# Circuit design help!



## pclaptop (Feb 17, 2015)

I'm picking any _engineer/small~circuit~designer_ brain for some help!

I want to create two panels that house 10 piezoelectric transducers each that will act as an intrusion deterrent when an alarm condition exists.

These transducers operate at *2.5khz sine or square wave* but need a signal generator circuit to supply that waveform to operate. I would like to just apply 12vdc to the lot but I think that would create "fried chicken"!

Basically I have a 12vdc battery source that is solar charged(_recharged_) at a location where there is no electricity. 

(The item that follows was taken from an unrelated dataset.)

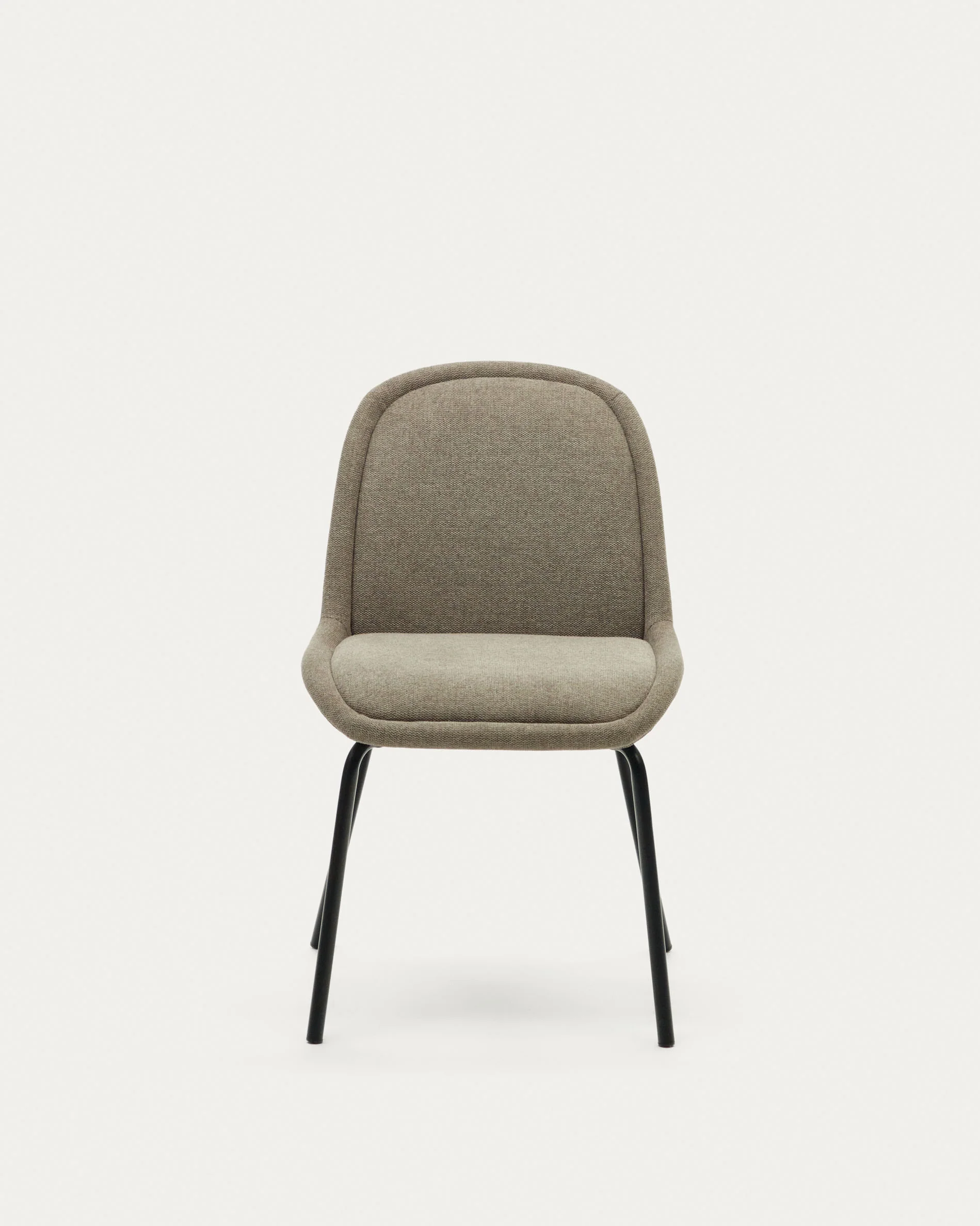 Aimin chair in brown chenille and steel legs with a matte black painted finish - Image 3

I believe all i need is a timer circuit with an SCR?? to handle the output, but that's as far as my design knowledge goes. Attached you will see a spec sheet for the transducers and a physical picture of the devices themselves. I got a deal on 90 of them.

Any thoughts suggestions designs ideas pointers? 

thanks in advance, chris


----------



## MPR (Aug 28, 2010)

A 555 timer can be used to produce a square wave output:

555 Variable Frequency Square Wave Generator


----------



## pclaptop (Feb 17, 2015)

thanks mpr I thought of using two 555's, a second one to modulate it some so that i get a warbling? but that's about the extent of my design capabilities!


----------